Repeat exactly the lines below, from the line containing "win NBA: Kevin" through the last line, both included. Leave out any pictures.

--- START ---

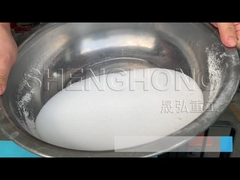 Granulatore a doppio rullo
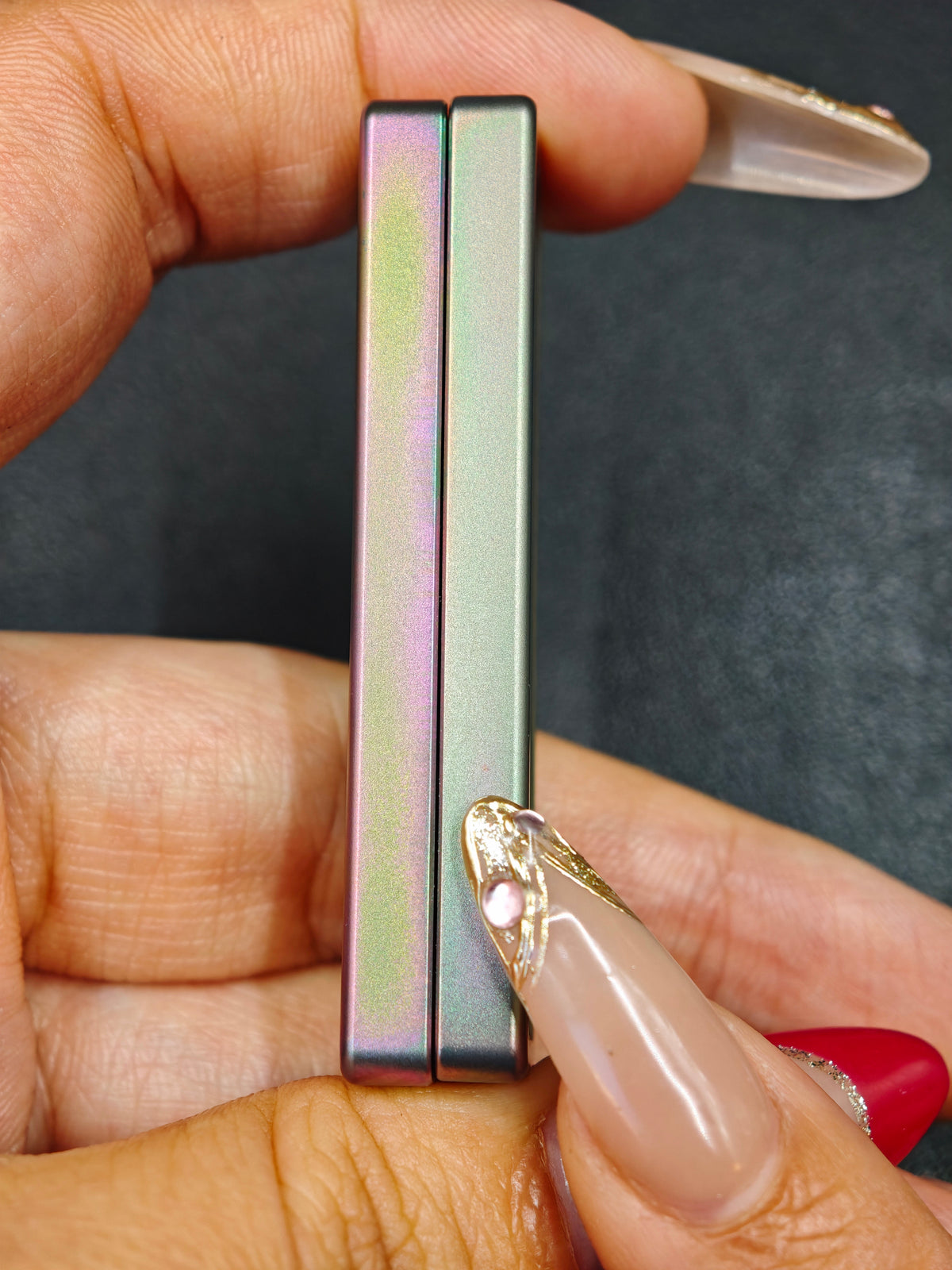 Hada 3.0 Titanium Color-Anodized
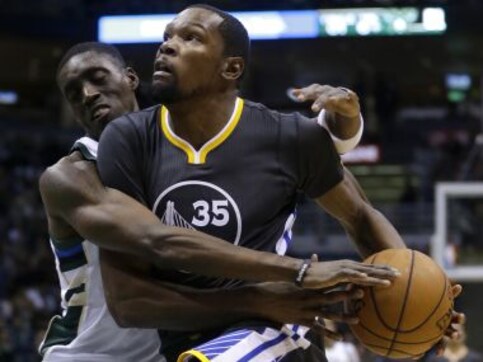 NBA: Kevin Durant sparks Golden State Warriors; LA Clippers bag 12th win NBA: Kevin Durant sparks Golden State Warriors; LA Clippers bag 12th win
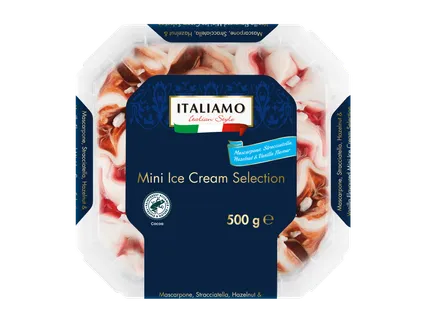 ITALIAMO Saldējuma asorti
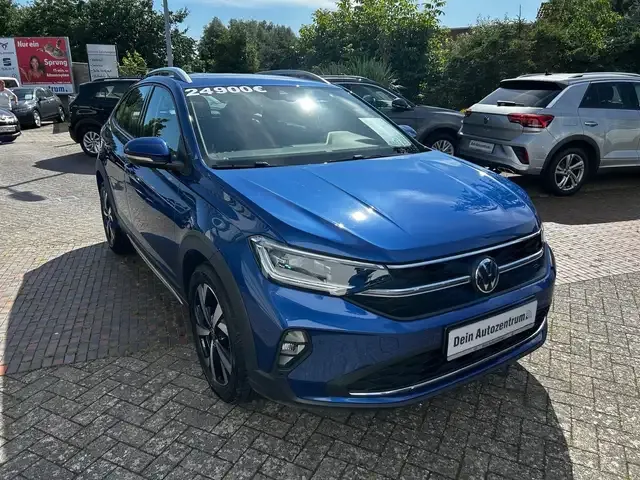 Volkswagen Taigo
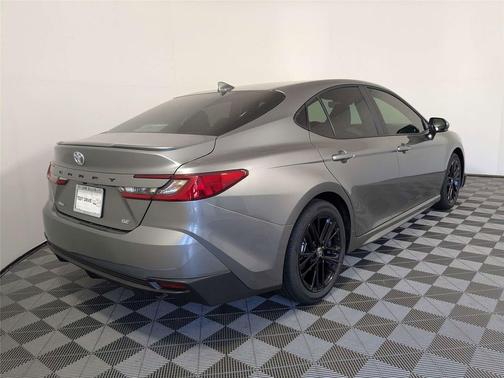 Heavy Metal 2026 Toyota Camry SE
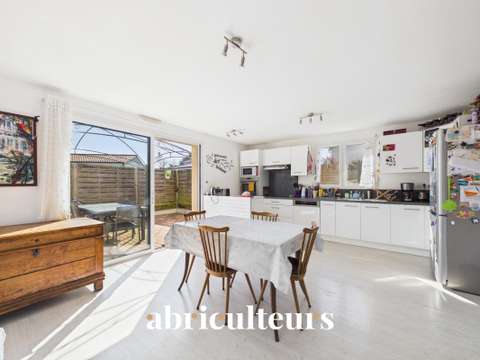 Vente maison 4 pièces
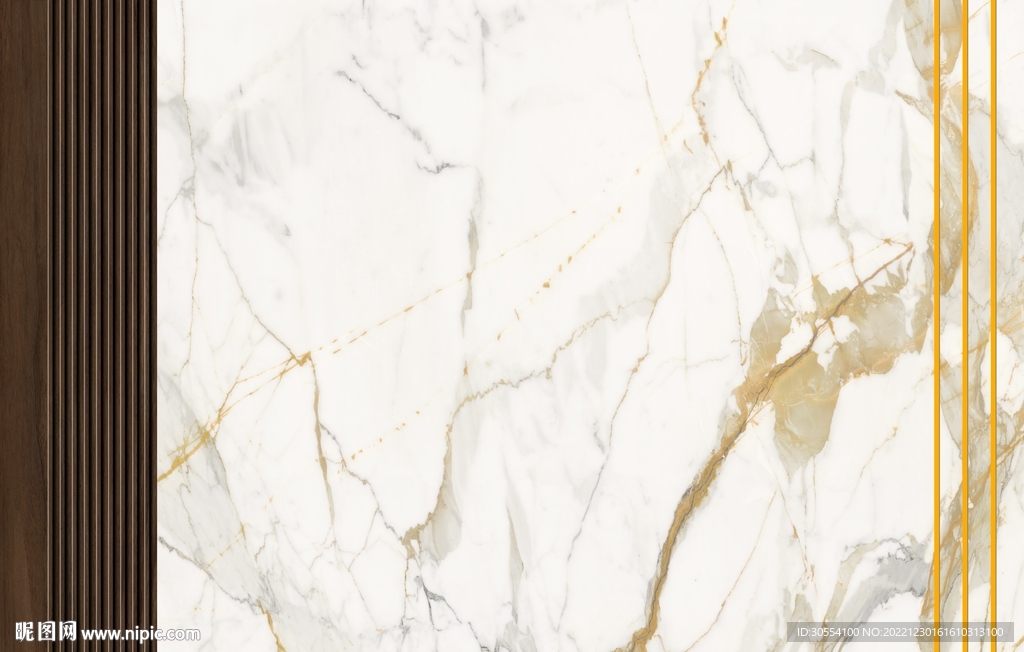 大理石纹电视背景墙图片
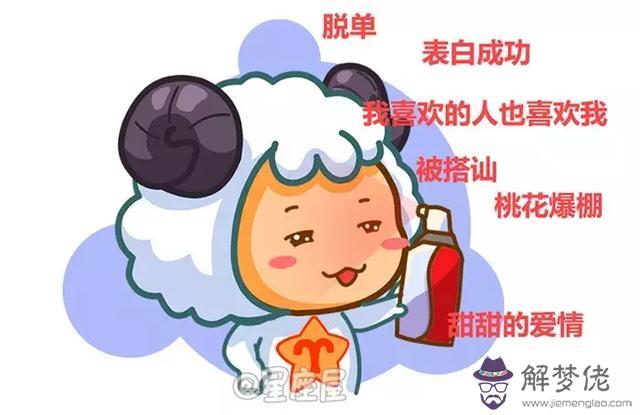 星座屋白羊座女，白羊座星座屋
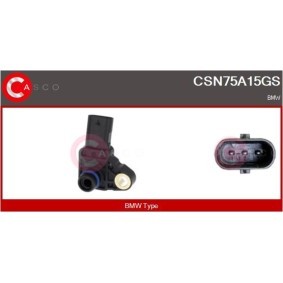 Achetez des Interrupteur de signal de détresse CASCO CHL72004GS à prix pour 73,06 €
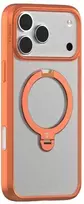 Dėklas Torras Ostand Q3 Spin, energijos oranžinė – iPhone 17 Pro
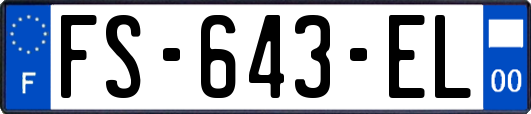 FS-643-EL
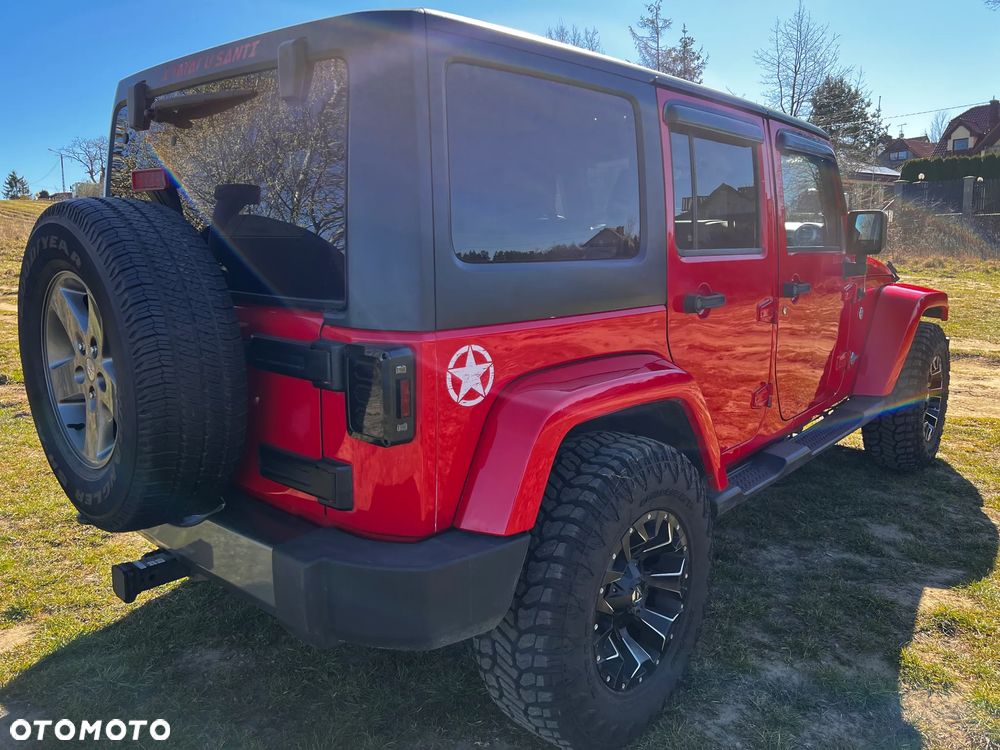 Jeep Wrangler 3.6 Unlim 75th Anniv - 7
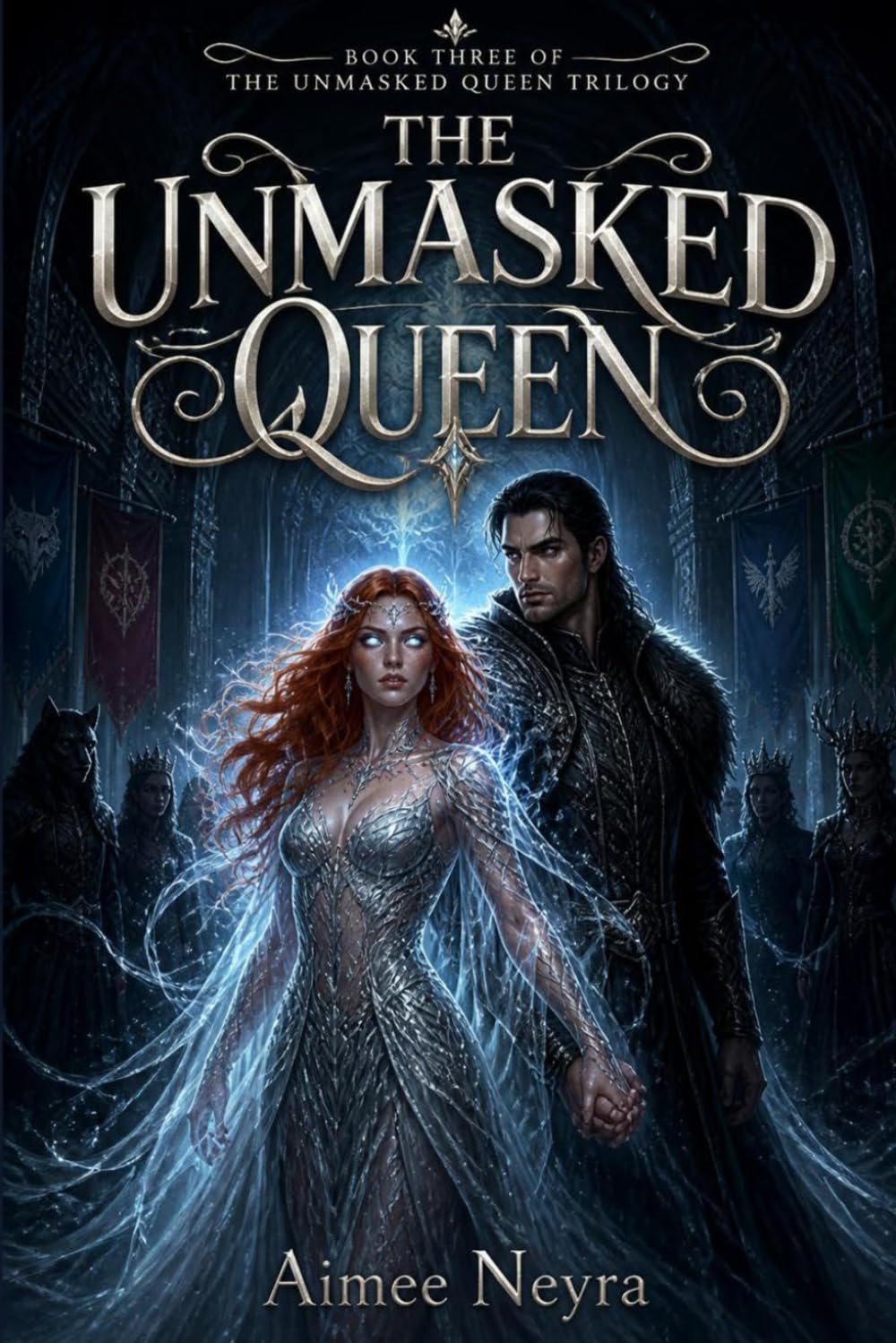 The Unmasked Queen: 3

--- END ---

:: Reply ::
 NBA: Kevin Durant sparks Golden State Warriors; LA Clippers bag 12th win NBA: Kevin Durant sparks Golden State Warriors; LA Clippers bag 12th win
 ITALIAMO Saldējuma asorti
 Volkswagen Taigo
 Heavy Metal 2026 Toyota Camry SE
 Vente maison 4 pièces
 大理石纹电视背景墙图片
 星座屋白羊座女，白羊座星座屋
 Achetez des Interrupteur de signal de détresse CASCO CHL72004GS à prix pour 73,06 €
 Dėklas Torras Ostand Q3 Spin, energijos oranžinė – iPhone 17 Pro
 FS-643-EL
 Jeep Wrangler 3.6 Unlim 75th Anniv - 7
 The Unmasked Queen: 3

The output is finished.